Although the world economic recovery in 2013 is showing signs of uncertainty and Vietnam is undergoing crucial economic restructuring, investment opportunities remain bright and promising for the New Year.
Catching big gold waves
Gold remains a safe haven when the economy confronts problems. It is a highly profitable investment channel, though its price is quite high.
Gold prices are expected to reach all-time highs this year. Prestigious forecast organisations like Morgan Stanley and Bank of America - Merrill Lynch predicted that the bullion price will reach US$2,000 per ounce this year. The US-based Bank of America (BoA) estimated that the precious metal will top US$2,000 per ounce in 2013 and US$2,400 per ounce in 2014. The UK-based HSBC Holdings asserted that gold prices would average US$1,850 an ounce in 2013, close to the prediction of US$1,840 announced by Credit Suisse of Switzerland. Deutsche Bank of Germany anticipated that gold price would hit US$2,000 per ounce in 2013.

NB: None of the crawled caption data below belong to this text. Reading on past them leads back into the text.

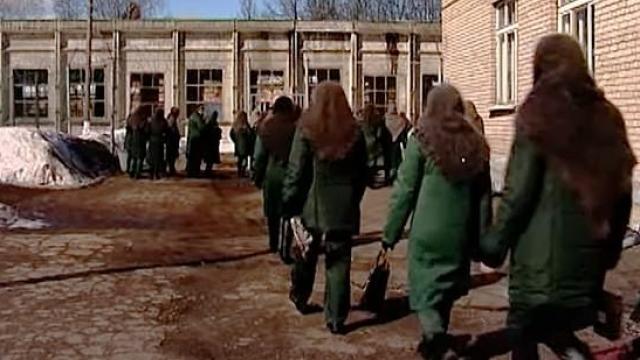 Un grupo de mujeres en una colonia penal rusa.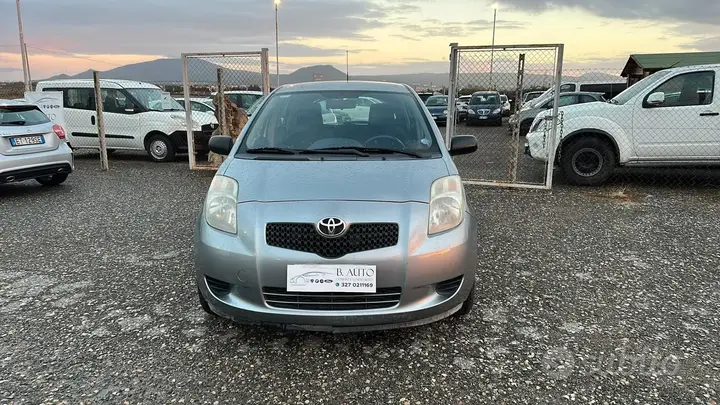 Toyota Yaris 2007 photo 4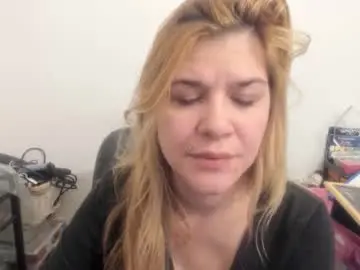 Chaturbate Adult Webcams of artsyandcraftsy_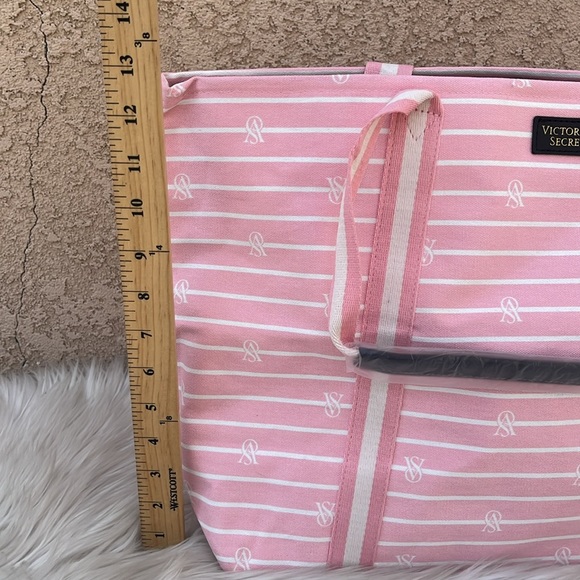 Victoria Secret tote bag - Picture 13 of 15
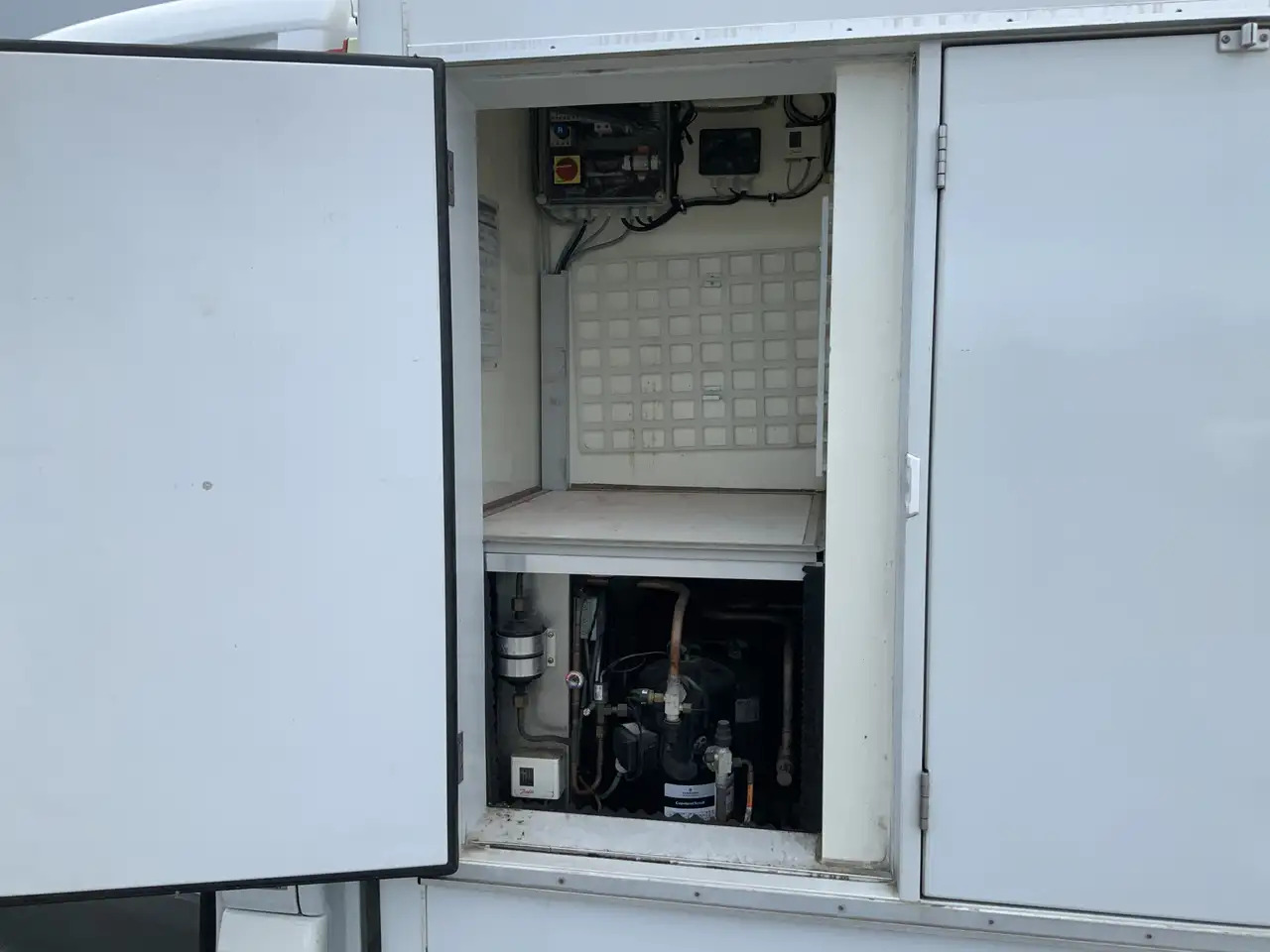 Refrigerated van Mercedes-Benz Sprinter 311 2.2 CDI 366 ijsAuto - 40 C. Deuren 10 Euro 6: picture 7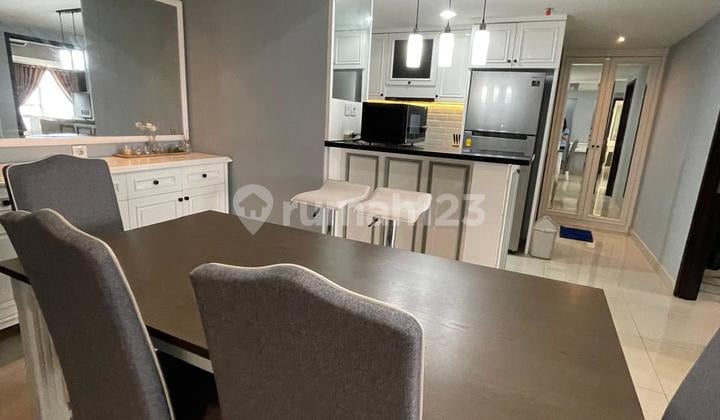 Orange County Apartment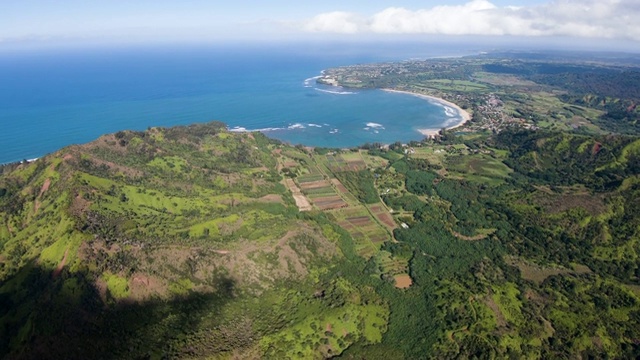 乘坐直升机游览夏威夷考艾岛的哈纳雷海湾和山谷视频素材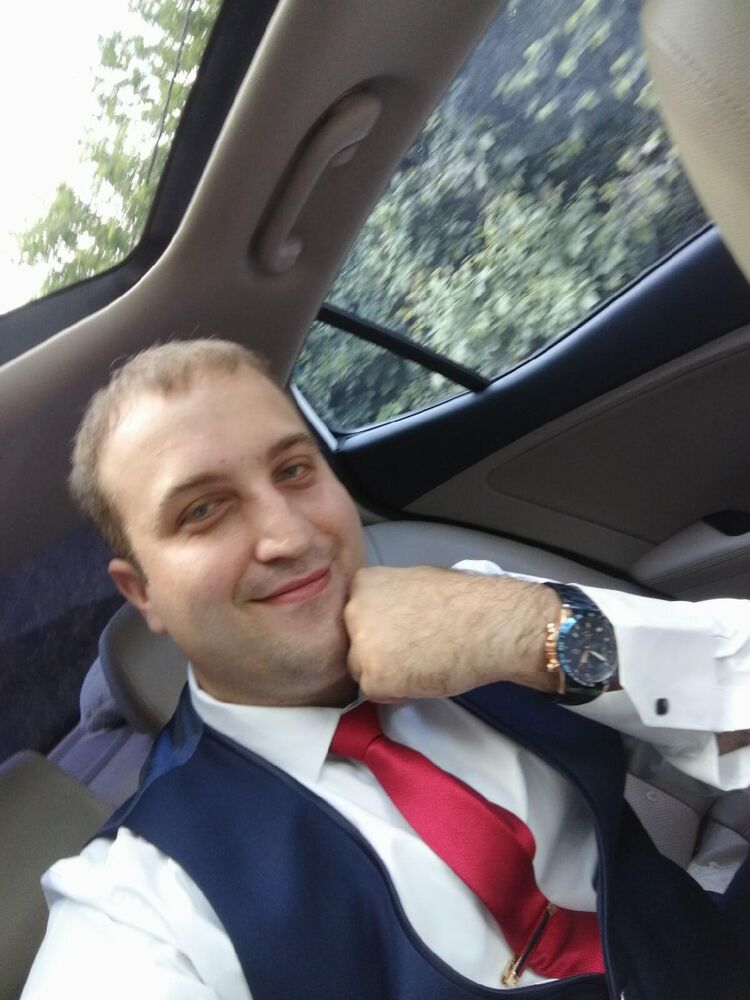  28855944  , 30 ,    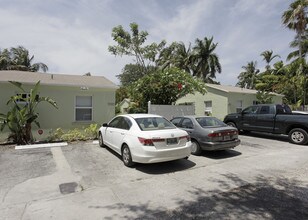 Victoria Park Apartments in Fort Lauderdale, FL - Building Photo - Building Photo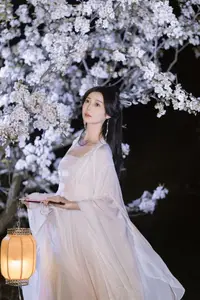 YiTuYu Vol.8782: Chu Yuan Yuan's Ethereal Beauty Amidst Cherry Blossoms Night-17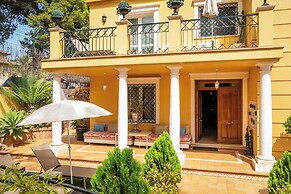 BYPILLOW Villa Lorena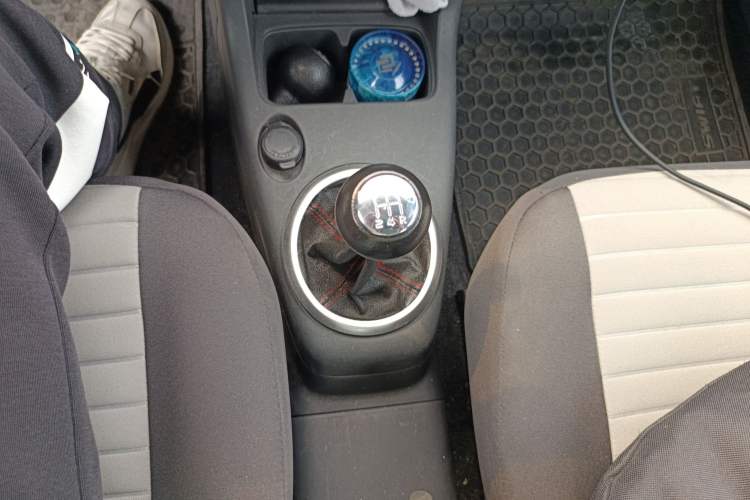 Used Suzuki Swift 2014 1.3L Manual Standard Edition
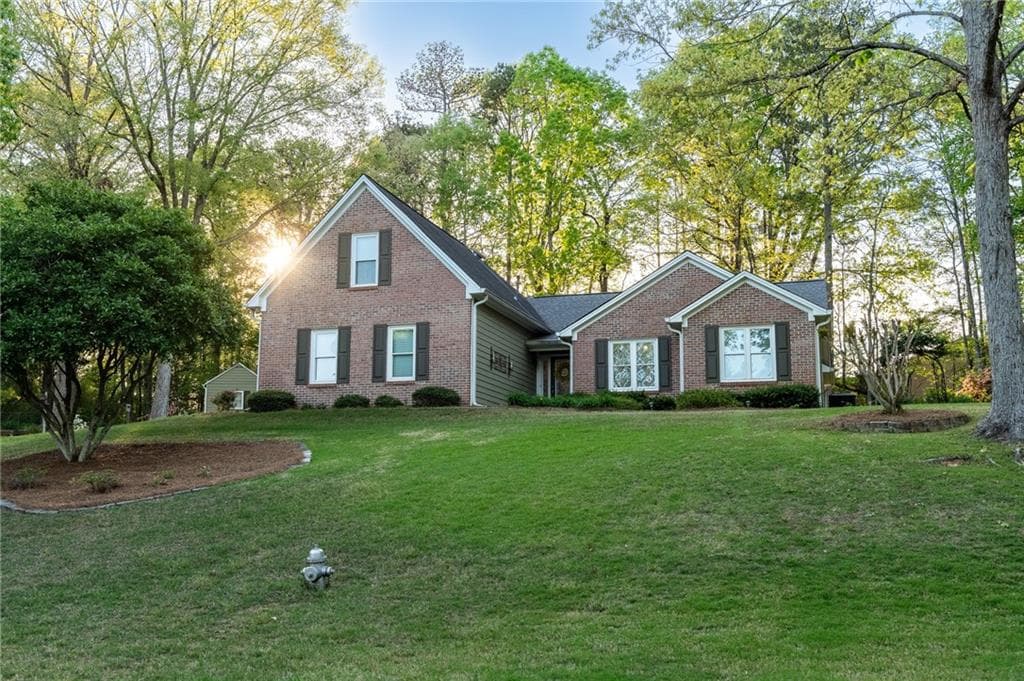 3 bedroom, 2 bathroom single family residence sold at 2380 Emerald Drive, Loganville, GA 30052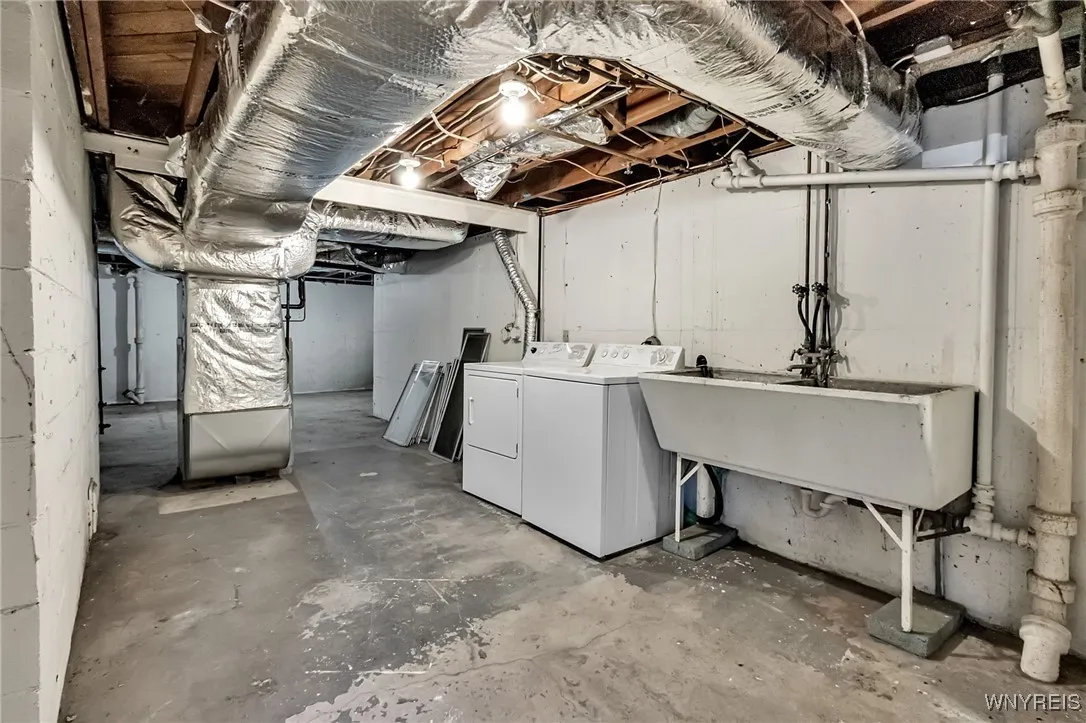 656 Girard Avenue, Aurora, New York 14052, Aurora, New York 14052, 3 Bedrooms Bedrooms, 7 Rooms Rooms,2 BathroomsBathrooms,Residential Lease,Closed,656 Girard Avenue, Aurora, New York 14052,0,B1645097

The expectation of all-time highs in gold prices in 2013 is based on loosened monetary policies adopted by central banks, eased risks related to the collapse of the eurozone, and support of physical gold demand. Speculators as well as people are psychologically prepared for new gold fevers.
Given the current context of pessimistic business outlook, gold advantages prevail. Strengthening price of the precious metal is relatively clear, but local investors also need take into account policy risks. Currently, the domestic gold price is still considerably higher than the world rate. If the State Bank of Vietnam (SBV) introduced policies to strongly intervene in the gold market in 2013 to make the price closer to the world rate, investors will suffer losses because of current price differences. Especially, the maturity of short-term gold deposit certificates is set on June 30, 2013.
Securities uncertain
2012 was a tough year for the stock market of Vietnam. Indices repeatedly plunged to new lows, securities brokerage companies collapsed, and investors left the market. This adversity was attributed to the economic downturn, financial crisis stemming from lax management of banks and excessively debt-dependent economy.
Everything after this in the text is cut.